Aah, very interesting solution, thanks for tracking this down. I had 
structured my memory system to reject all requests if the incoming 
transaction queue was full, including packets that don't actually 
require space, like memInhibit packets. I actually changed it to turn 
away only packets that consume resources (R/W) and handle the others 
normally, regardless of resource contention and haven't seen any errors 
so far.


Joe

Steve Reinhardt wrote:
> OK, I found my problem... I had disabled dramsim in my scripts so I
> could isolate the earlier bug in the cpu, and forgot to re-enable it.
> Now that I'm really using dramsim I do see the hasTargets() assertion
> failure.  I haven't tried to reproduce the newer one.  Anyway, that
> seems to indicate that the bug is in your code... I ran under the
> debugger to find the address in the packet it's dying on (0x149a000),
> then re-ran like this:
>
> build/ALPHA_FS/m5.opt -d nopre-trace  --trace-start=1813000000000
> --trace-flags=Cache,Bus configs/example/dramsimfs.py -b stream -F
> 10000000000 --mp "physicaladdressmappingpolicy sdramhiperf
> commandorderingalgorithm bankroundrobin rowBufferPolicy closepage"

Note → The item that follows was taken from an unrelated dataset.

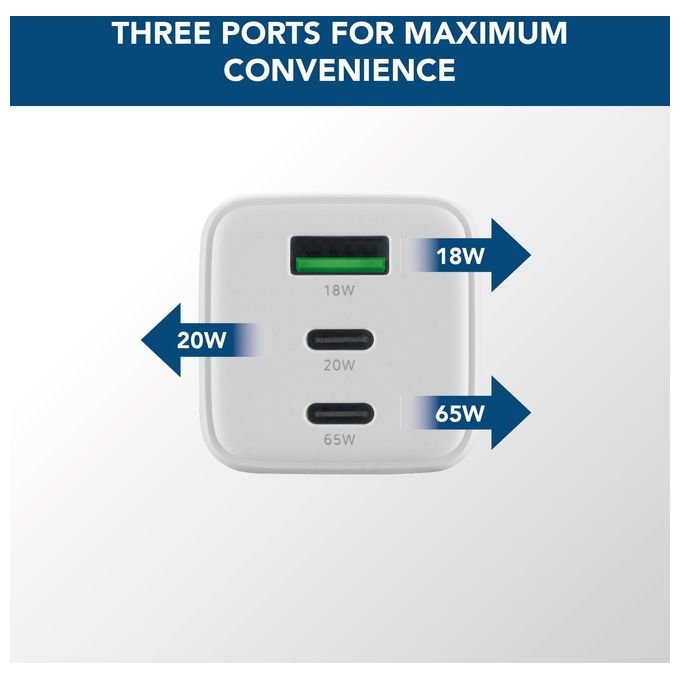 Cellularline ACHKITC2CGAN65TABW Multipower Caricabatterie da Rete 65W con Tecnologia GaN 3 Porte USB-C e USB-A Cavo Incluso 100 cm colore Bianco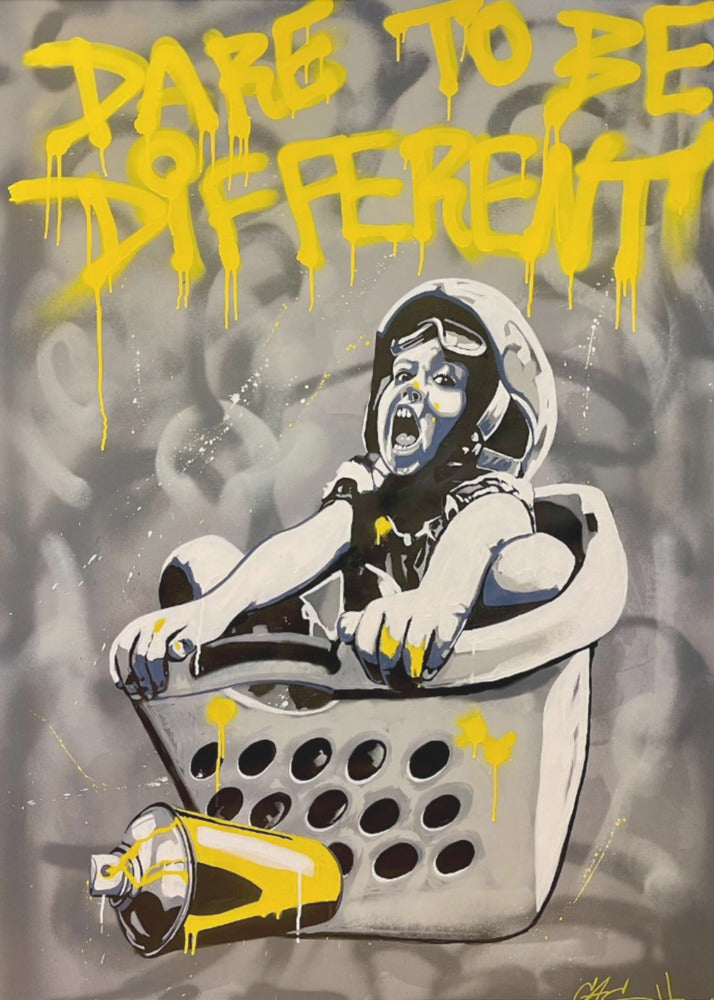 Child In A Laundry Basket | Canvas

> --nopre |& egrep -i '[ x:]149a0[0-3][0-9a-f]' >& trace.out
>
> and found this at the end of the trace:
> 1813625971850: system.membus: recvTiming: src 2 dst 3 ReadResp 0x149a000
> 1813625971850: system.iocache: Handling response to 149a000
> 1813625971850: system.iocache: Block for addr 149a000 being updated in Cache
> 1813625971850: system.iocache: replacement: replacing 1faffc00 with
> 149a000: writeback
> 1813625971850: system.iocache: Block addr 149a000 moving from state 0 to 5
> 1813625971851: system.membus: recvTiming: src 2 dst 3 ReadResp 0x149a000 BUSY
> 1813625973000: system.tol2bus: recvTiming: src 2 dst 0 ReadResp 0x149a000
> 1813625973001: system.tol2bus: recvTiming: src 2 dst 0 ReadResp 0x149a000 BUSY
> 1813625973390: system.membus: recvTiming: src 2 dst 3 ReadResp 0x149a000
> 1813625973390: system.iocache: Handling response to 149a000
>
> ...which shows that the iocache is getting two ReadResp responses to a
> single request.  I did a little more digging and found that the
> problem is in M5dramSystem::MemoryPort::recvTiming(), where you check
> memory->needRetry and return false *before* you check
> packet->memInhibitAsserted().  What happens is that you're causing a
> packet with memInhibit asserted to get retried, so after the cache
> that asserted memInhibit responds, the bus retries the transaction
> again, but the cache has already sent its response so it doesn't
> inhibit memory again, and then your memory module sends a second
> response.  I just reordered those two checks in that function and it
> seems to work.
>
> I'm going to add an assert in bus.cc so that this problem can be
> detected more easily in the future.
>
> Steve
>
> On Wed, Sep 30, 2009 at 9:43 PM, Joe Gross <[email protected]> wrote:
>   
>> I'm also seeing a new one when I disable prefetchers and run stream again:
>>  build/ALPHA_FS/mem/cache/cache_impl.hh:1335: Packet*
>> Cache<TagStore>::getTimingPacket() [with TagStore = LRU]: Assertion
>> `tags->findBlock(mshr->addr) == __null' failed.
>>
>> command line:
>> m5/configs/example/dramsimfs.py -F 10000000000 --mp
>> "physicaladdressmappingpolicy sdramhiperf commandorderingalgorithm
>> bankroundrobin rowBufferPolicy closepage" -b stream
>>
>> I wonder if this could be the memory simulator handling the packet
>> requests incorrectly, i.e. returning a packet that didn't need a
>> response or something like that.
>>
>> The prefetcher was disabled, caches were set as follows:
>> test_sys.l2 = L2Cache(size = '512kB', assoc=16, latency="6ns")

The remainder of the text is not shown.